Practical Parenting Ideas

Was it the whine?

The Nov./Dec. issue of Group reported on a study of what happens when kids whine. "When researchers asked mothers to keep a record of how many times their children whined for something, they found that the average was five times a day . . . every single day." (This may seem low to some.) "These mothers also reported as many as 45 percent of their purchases directly resulted from their kids pestering them. No wonder teenagers can’t just say no to cigarettes, illegal drugs, alcohol, and sex."

I have mixed thoughts on this. First, I do think that giving in to whining can escalate demands and reinforce the notion that whining is a great way to get what you want in life. When we give in to whining, we’re not helping our children. We’re just trying to take a shortcut to our own ease.

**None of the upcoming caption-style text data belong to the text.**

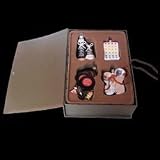 4-Piece Glass Baby Boomer Theme Christmas Ornament Boxed Gift Set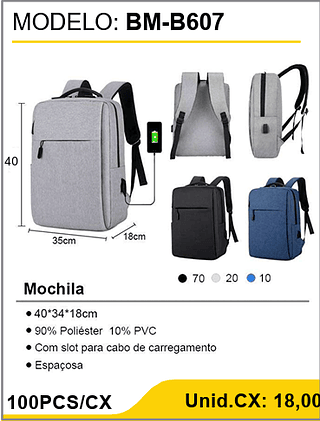 Mochila 100PCS/CX Unid.CX: 18,00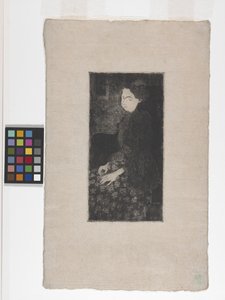 Sittande kvinna med fjäderhatt (etsning, torrnål och stipple) av Armand Séguin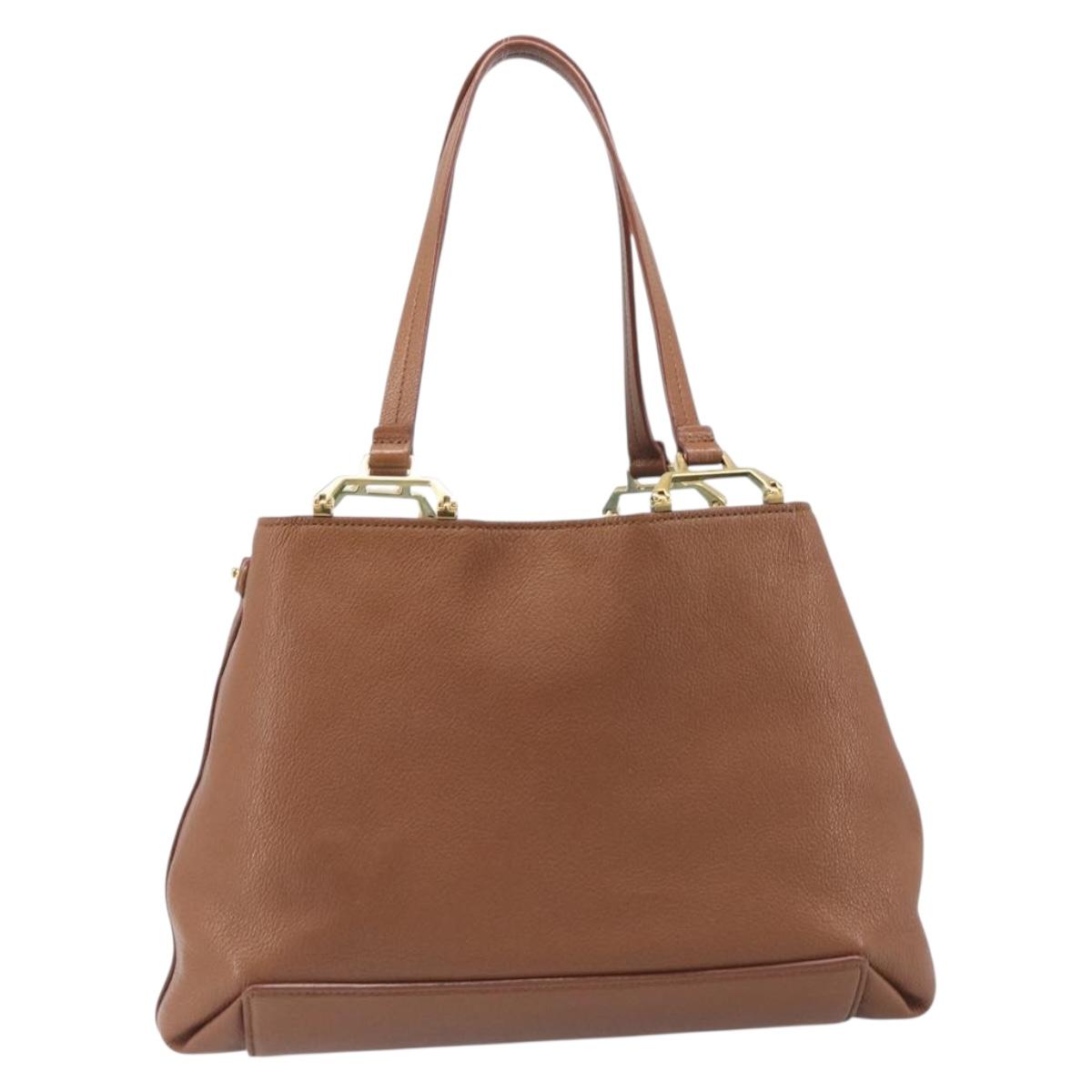 Miu Miu Hand Bag Leather Brown Gold Tone Auth 199360V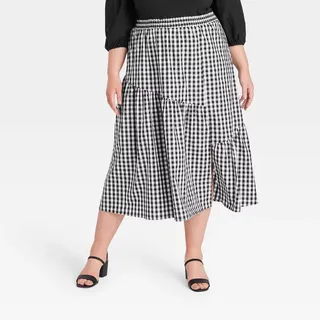 Who What Wear + Ruffle Midi Skirt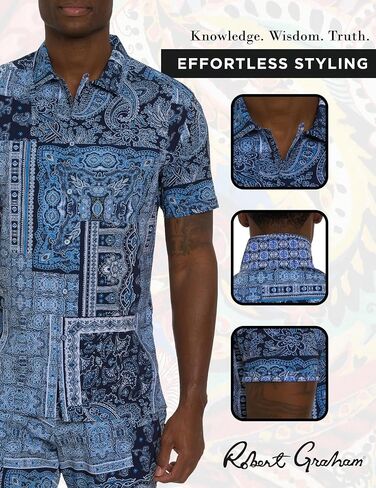 Robert Graham Men The Gotham Short Sleeve Button Down Shirt, Navy, Medium in Saudi Arabia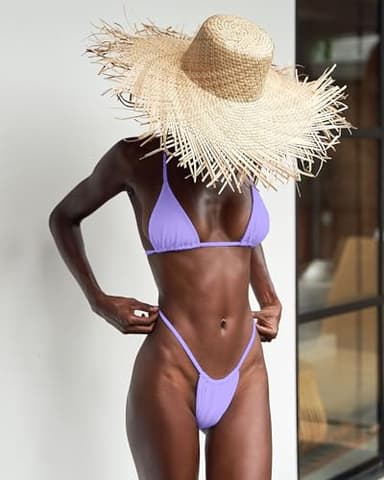 XUNYU Thong Bikini Sets for Women - Brazilian Micro String Bikinis Sexy Two Piece Swimsuit Triangle Top Halter Bathing Suits - Image 7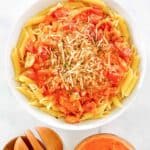 Penne alla vodka and a small bowl of vodka sauce.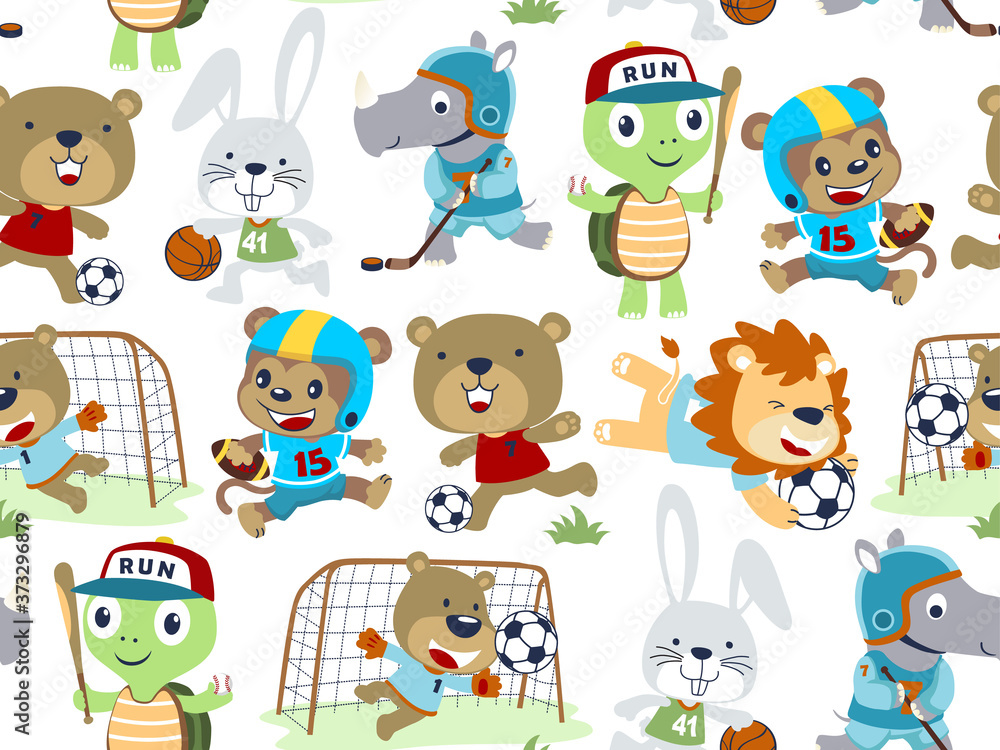 Obraz premium seamless pattern with animals sport cartoon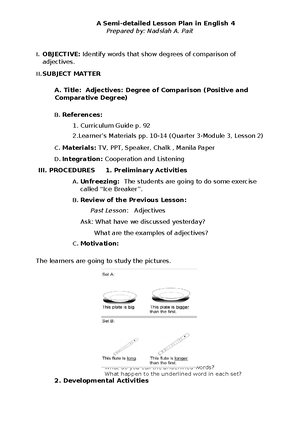 Lesson 1 - A Semi-detailed Lesson Plan in English 4 Prepared by ...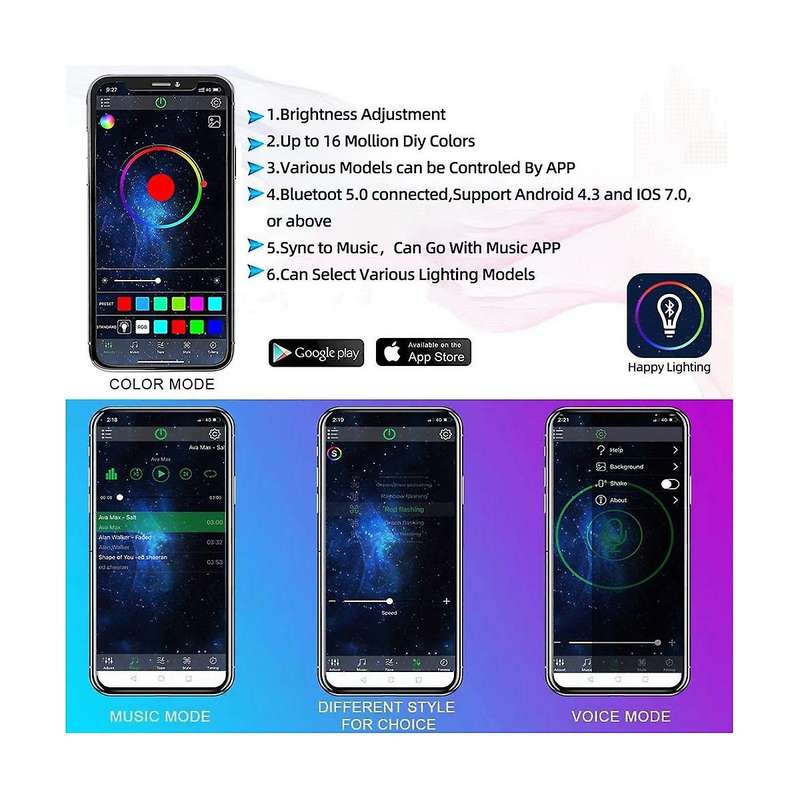 8pcs Motorcycle Underglow Led Light Kit, App Control Multicolor Motorcycle Led Light Kit Rgb Strips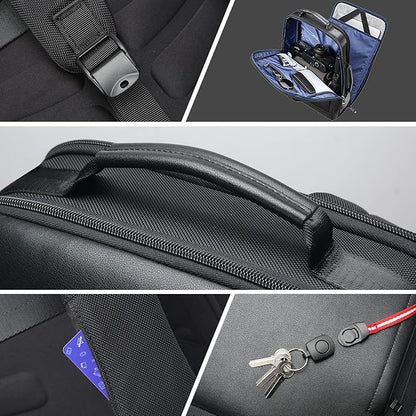 BOPai Business Smart 15.6 Inch Laptop Backpack Convertible Expandable Anti-Theft USB Charging Multi-Functional Travel Professional Work Office Men Commuter Large Black With Bottle Holder Waterproof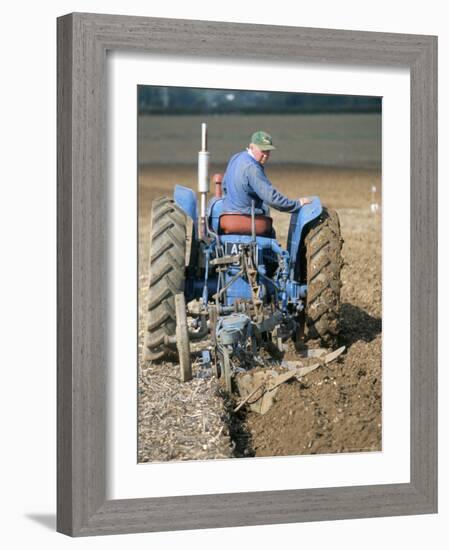 Farmer Ploughing Near Sonning Common, Oxfordshire, England, United Kingdom-Robert Francis-Framed Photographic Print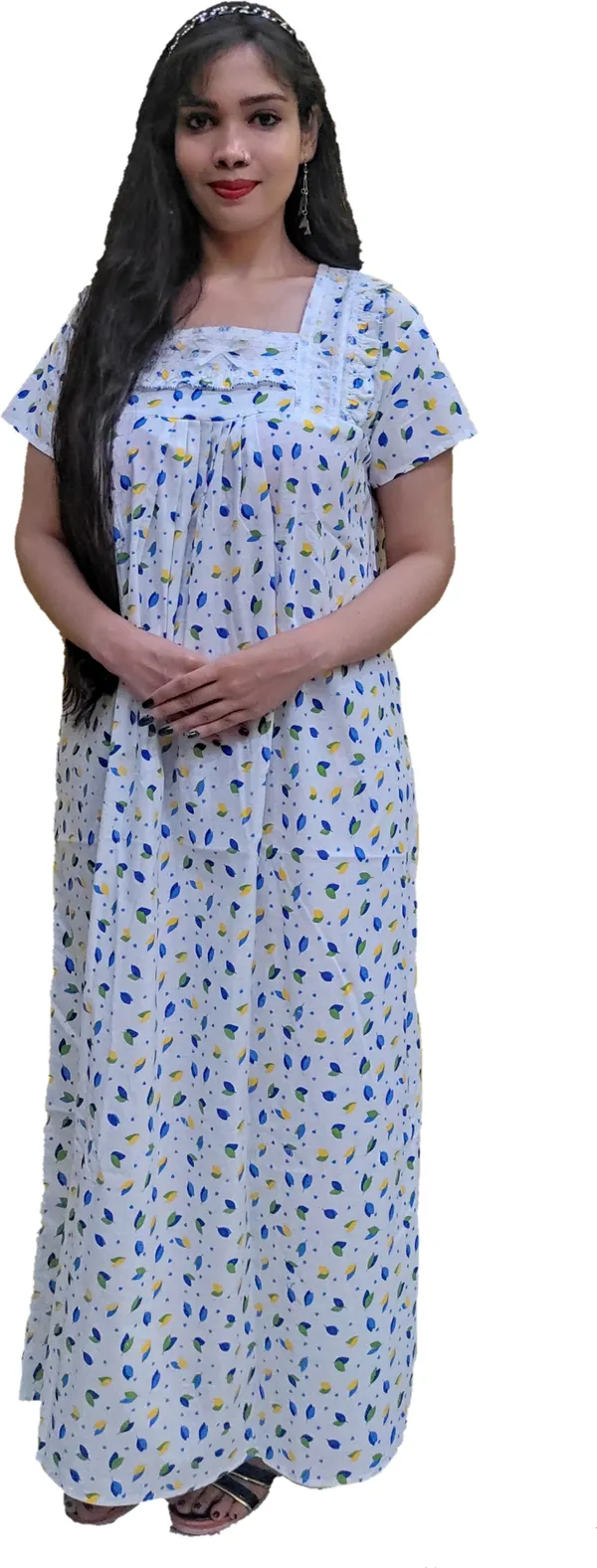 Cotton_Printed_Square_Neck_Night_Wear_For_Women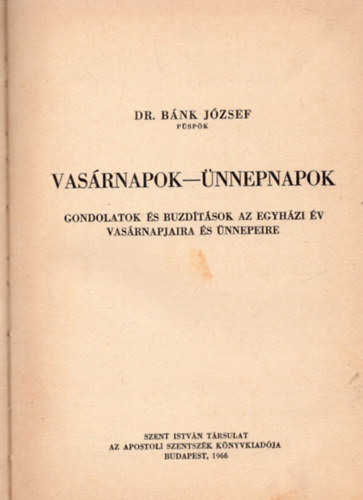 B�nk J�zsef - Vas�rnapok-�nnepnapok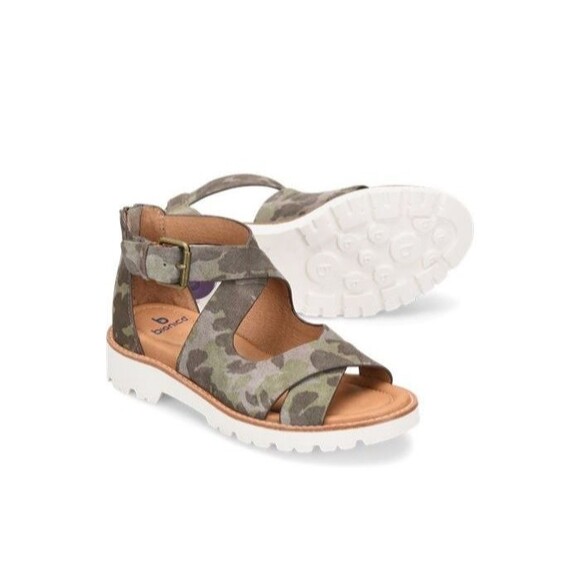 Bionica Women’s NWT Dania Sandals size 10 Olive Camo Suede Comfort - Picture 1 of 9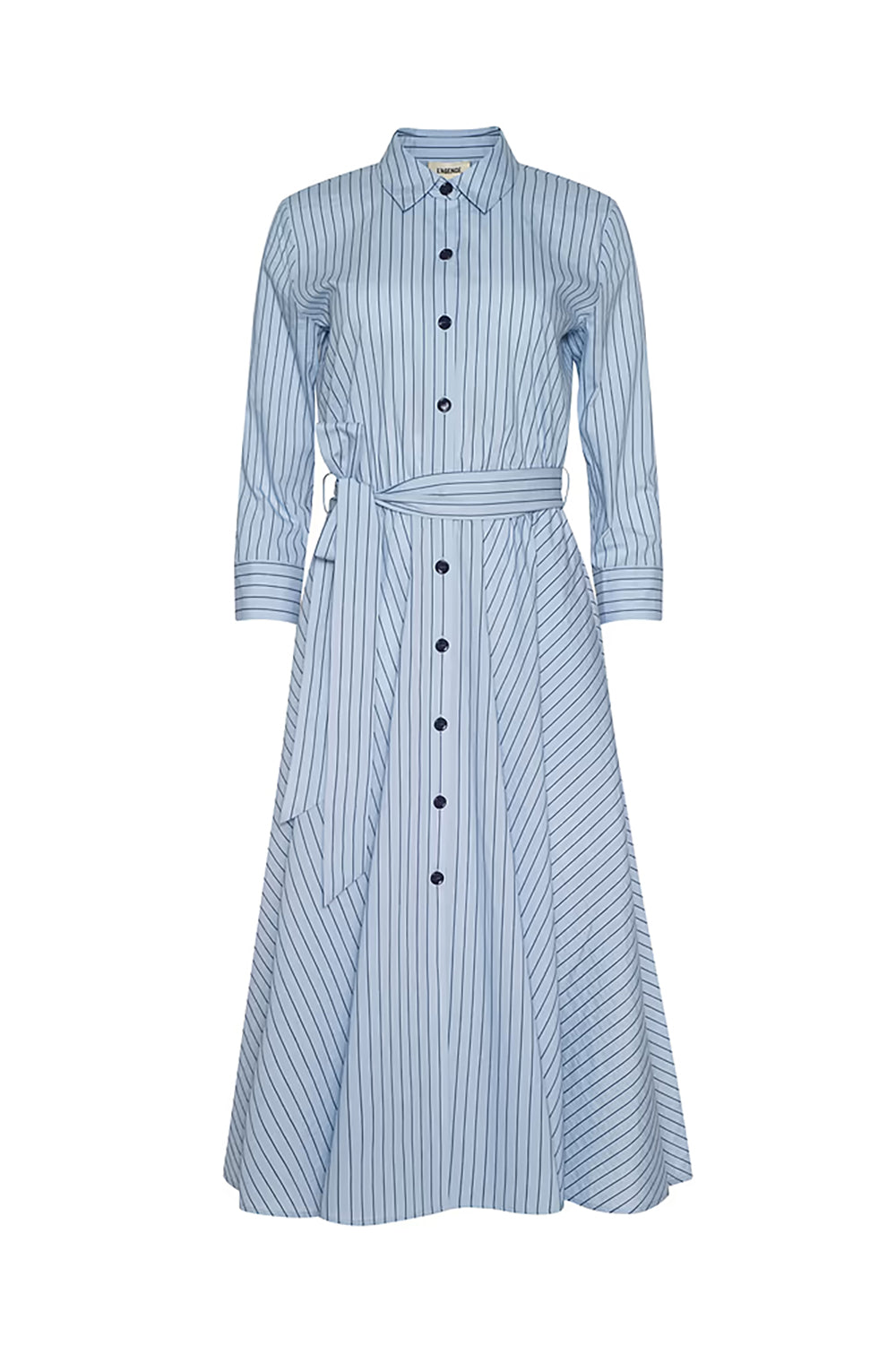 Ralphie Midi Dress in Light Blue Dark Blue Stripe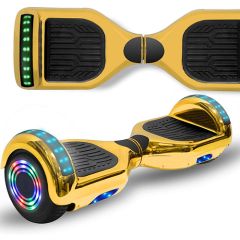 Chrome Gold 6.5 inch Hoverboard with Bluetooth Speaker & LED Flashing Wheels, Self Balancing Scooter (UL Listed)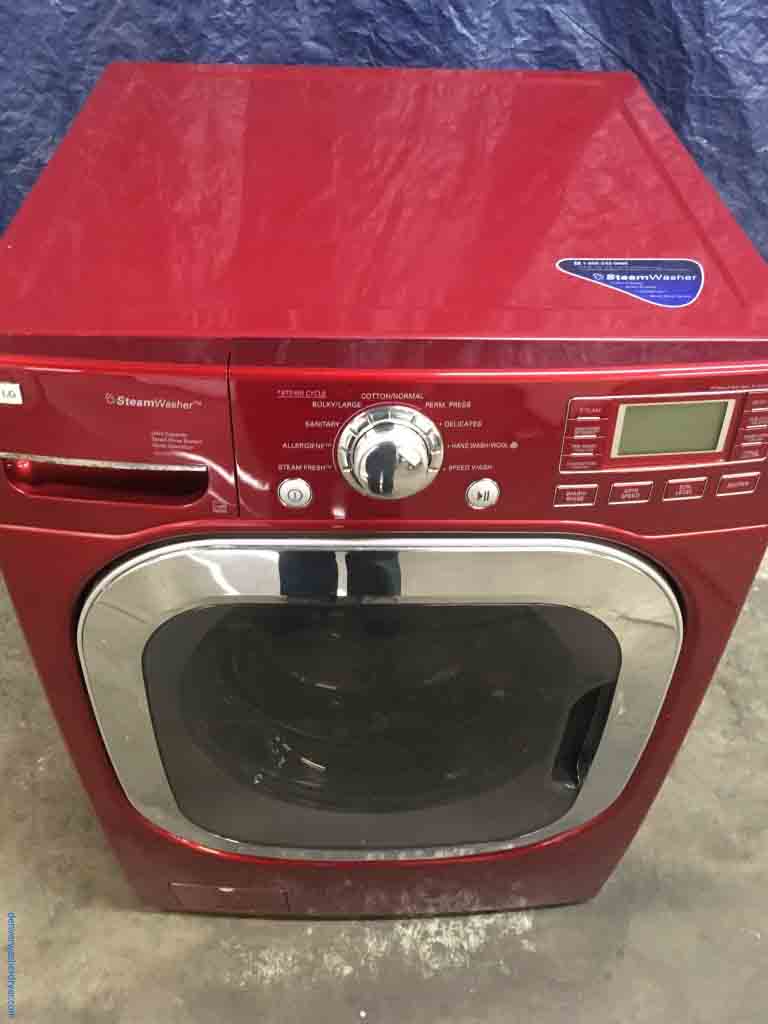 LG 27″ Front-Loading, Steam Washer, Colored in Cherry Red, 1-Year Warranty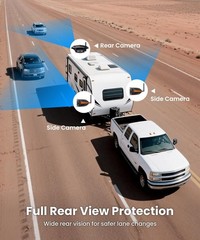 AUTO-VOX WF4 Wireless RV Camera System For Driving &Reversing 7.2″ 1080P Monitor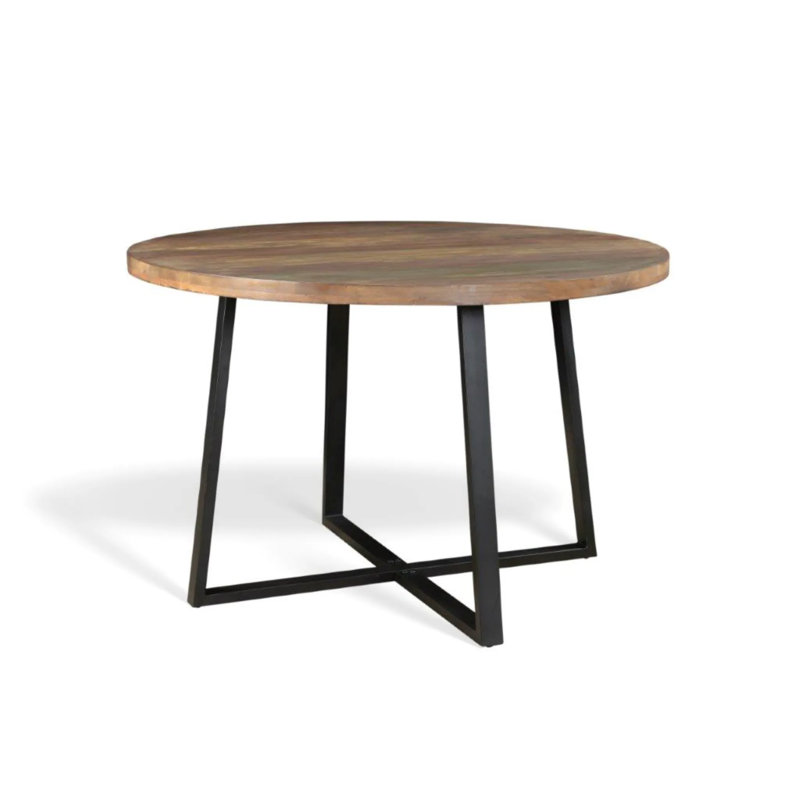Round Dining Table 48", Dark Natural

But I don’t think that the only or best alternative to whining is to "just say no." I think we need to help kids deal with their desires and the mistaken notion (drilled into their heads by endless commercials) that they need "stuff" to make them happy. What can you do instead?

1 Offer alternatives. (We can go to the library. Let’s make cupcakes. Let’s sing a song.)

2 Encourage them to channel that energy from acquisitiveness to creativity. Creativity brings its own satisfactions that far outweigh the fleeting pleasure of buying a trinket or bit of junk food. Have supplies on hand for drawing, finger painting, model-making, investigating, exploring, and other creative play.

3 Explain your limits. Saying "we can’t afford to spend a lot of money on candy" in a matter-of-fact voice gives good information to your kids.

4 Turn off the TV. Would you invite toy salespeople into your living room every Saturday morning to whip your kids’ acquisitiveness into a frenzy? Better they should listen to the birds sing.